Squoggle

Mac's tech blog

Category Archives: CentOS/RHEL

CentOS Drive Testing

My Server was making noises that were uncharacteristic. This is how I tested my hard drives for failure.

  1. Install smartmontools:
    # yum install smartmontools
  2. Get a listing of all your hard drives:
    # lsblk
  3. Run a test on one of the hard drives:
    # smartctl -t short /dev/sda
    You will see something similar to the following:
    smartctl 7.0 2018-12-30 r4883 [x86_64-linux-3.10.0-693.11.6.el7.x86_64] (local build)
    Copyright (C) 2002-18, Bruce Allen, Christian Franke, www.smartmontools.org
    === START OF OFFLINE IMMEDIATE AND SELF-TEST SECTION ===
    Sending command: "Execute SMART Short self-test routine immediately in off-line mode".
    Drive command "Execute SMART Short self-test routine immediately in off-line mode" successful.
    Testing has begun.
    Please wait 2 minutes for test to complete.
    Test will complete after Fri Sep 23 13:02:21 2022
    Use smartctl -X to abort test.
  4. It will give you a time when you can check the results. When the time has elapsed, come back and check the results like this:
    # smartctl -H /dev/sda
    smartctl 7.0 2018-12-30 r4883 [x86_64-linux-3.10.0-693.11.6.el7.x86_64] (local build)
    Copyright (C) 2002-18, Bruce Allen, Christian Franke, www.smartmontools.org
    === START OF READ SMART DATA SECTION ===
    SMART overall-health self-assessment test result: PASSED
  5. If the test fails you will see something like this:
    # smartctl -H /dev/sdb
    smartctl 7.0 2018-12-30 r4883 [x86_64-linux-3.10.0-693.11.6.el7.x86_64] (local build)
    Copyright (C) 2002-18, Bruce Allen, Christian Franke, www.smartmontools.org
    === START OF READ SMART DATA SECTION ===
    SMART overall-health self-assessment test result: FAILED!
    Drive failure expected in less than 24 hours. SAVE ALL DATA.
    Failed Attributes:
    ID# ATTRIBUTE_NAME FLAG VALUE WORST THRESH TYPE UPDATED WHEN_FAILED RAW_VALUE
    5 Reallocated_Sector_Ct 0x0033 063 063 140 Pre-fail Always FAILING_NOW 1089
  6. Looks like you need to replace /dev/sdb

How to Replace the Hard drive

This is what I did to replace the hard drive.

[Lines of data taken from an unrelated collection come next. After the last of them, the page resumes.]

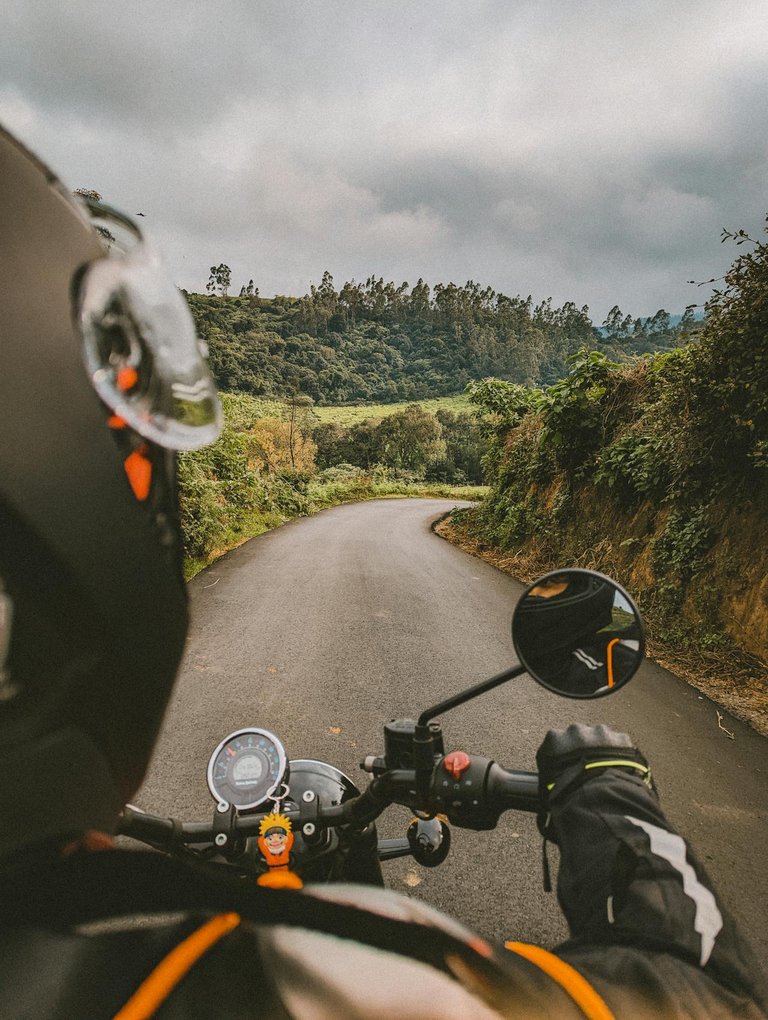 pexels-karthik-u-561761-14598565.jpg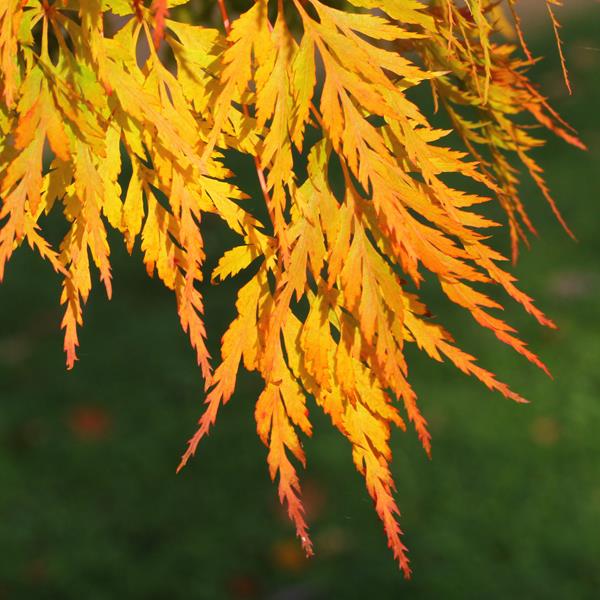 Acer palmatum Seiryu (3)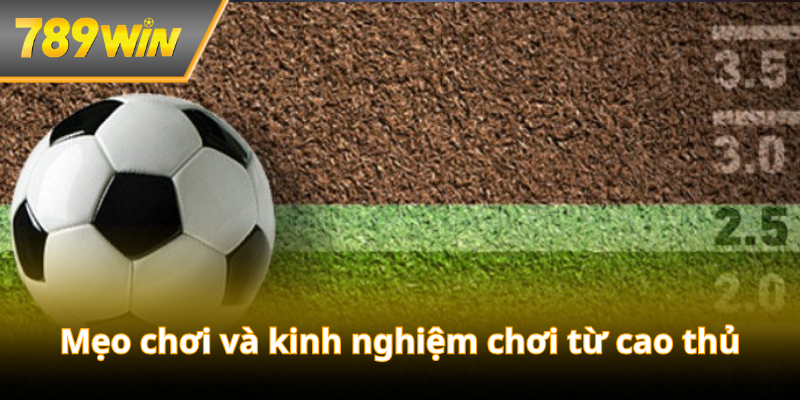 Mẹo chơi và kinh nghiệm chơi từ cao thủ
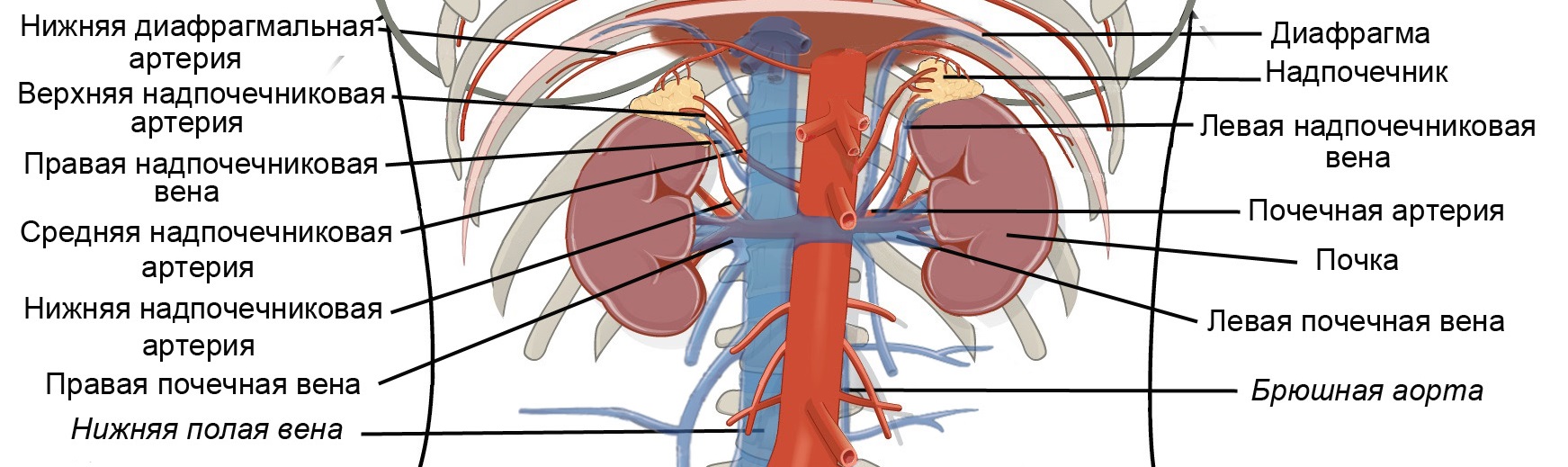 Почечные артерии и вены. Кровоснабжение почки схема. Кровоснабжение почки анатомия схема. Схема кровоснабжения почки человека.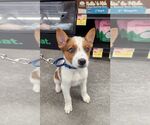 Small Mutt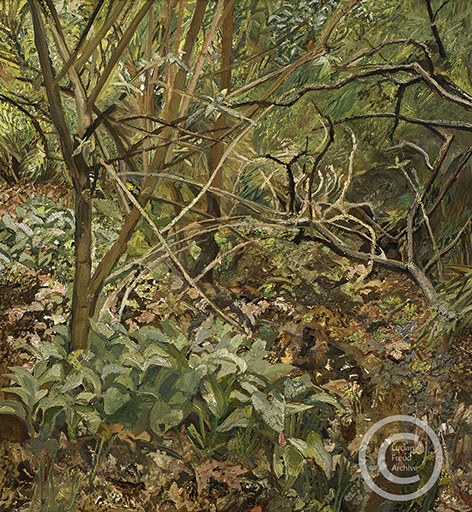 "Garden Painting" 1994 Oil on Canvas 76.2cmx71cm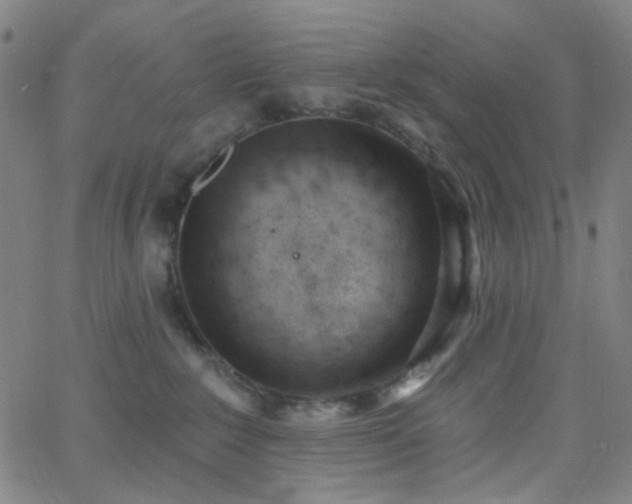 X0000062610235200512211145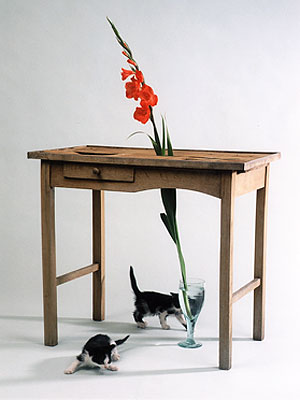 Venus – Elisabeth Rietmeyer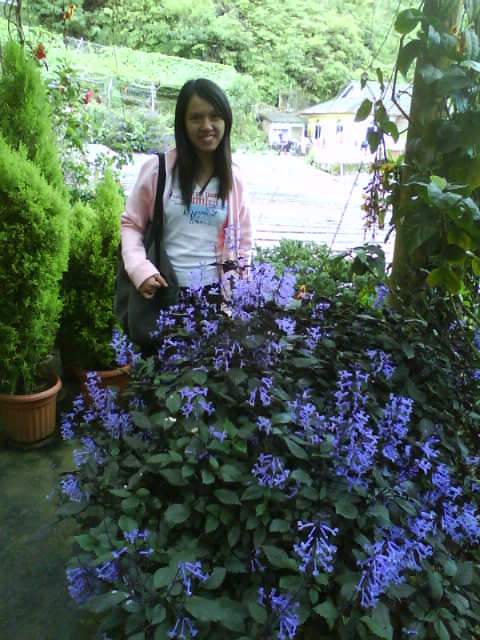 [DSC00864.JPG]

  1. Install lshw package:
    # yum install lshw
  2. Now list hardware of type disk:
    # lshw -class disk
    You should get way to much info.
  3. Filter the info with grep like so:
    # lshw -class disk | grep -A 5 -B 6 /dev/sdb
    You should now only get the one drive you are looking for.
    Mine looks like this:
    # lshw -class disk | grep -A 5 -B 6 /dev/sdb
    *-disk:1
    description: ATA Disk
    product: WDC WD1002FAEX-0
    vendor: Western Digital
    physical id: 1
    bus info: scsi@5:0.0.0
    logical name: /dev/sdb
    version: 1D05
    serial: WD-WCATR1933480
    size: 931GiB (1TB)
    capabilities: partitioned partitioned:dos
    configuration: ansiversion=5 logicalsectorsize=512 sectorsize=512 signature=000cd438

So it looks like I need to replace a 1TB Western Digital. Fortunately this disk is in a two disk raid array.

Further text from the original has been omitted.